Ao alterar dispositivos estruturais do Código de Processo Penal, notadamente os artigos 310 e 312, o legislador tenta resolver uma tensão histórica: conferir objetividade aos critérios de prisão preventiva sem ignorar a necessidade de contenção da criminalidade reiterada.

Trata-se de uma reengenharia dos requisitos do periculum libertatis, que exige dos operadores do direito uma leitura menos automática e mais conectada à realidade social do risco apresentado pelo custodiado.

A inovação mais sensível está na positivação de critérios objetivos que orientam a conversão do flagrante em prisão preventiva na audiência de custódia. O novo § 5º do artigo 310 retira o magistrado de uma zona de conforto subjetiva, impondo um roteiro de análise vinculado à reiteração delitiva e à gravidade concreta da conduta.

Ao prever que a prática de crimes durante a tramitação de inquéritos ou ações penais, bem como a reincidência específica após liberação anterior, são vetores para o encarceramento, o dispositivo desafia diretamente a jurisprudência consolidada, especialmente a Súmula nº 444 do STJ.

A opção legislativa é clara: priorizar a tutela da ordem pública em uma dimensão de proteção imediata, mitigando, ainda que de forma excepcional e cautelar, a rigidez absoluta do princípio da não-culpabilidade para interromper ciclos criminais habituais.

A reforma também aprimora o conceito de periculosidade no artigo 312 ao afastar, de modo definitivo, a fundamentação baseada na gravidade abstrata do delito.
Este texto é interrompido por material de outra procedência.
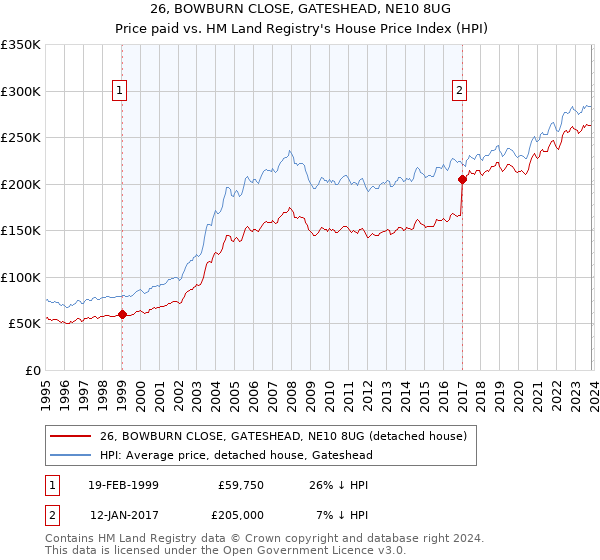 26, BOWBURN CLOSE, GATESHEAD, NE10 8UG: Price paid vs HM Land Registry's House Price Index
A exigência de demonstração concreta do modus operandi, da participação em organização criminosa ou da natureza lesiva dos materiais apreendidos – como o potencial ofensivo de armamentos ou a variedade de entorpecentes – eleva o padrão de motivação judicial.

O movimento é ambivalente: de um lado, fornece instrumentos legais para manter presos indivíduos de comprovada periculosidade; de outro, protege o sistema contra a prisionização automática e baseada apenas na tipificação penal, exigindo risco real e individualizado à ordem pública.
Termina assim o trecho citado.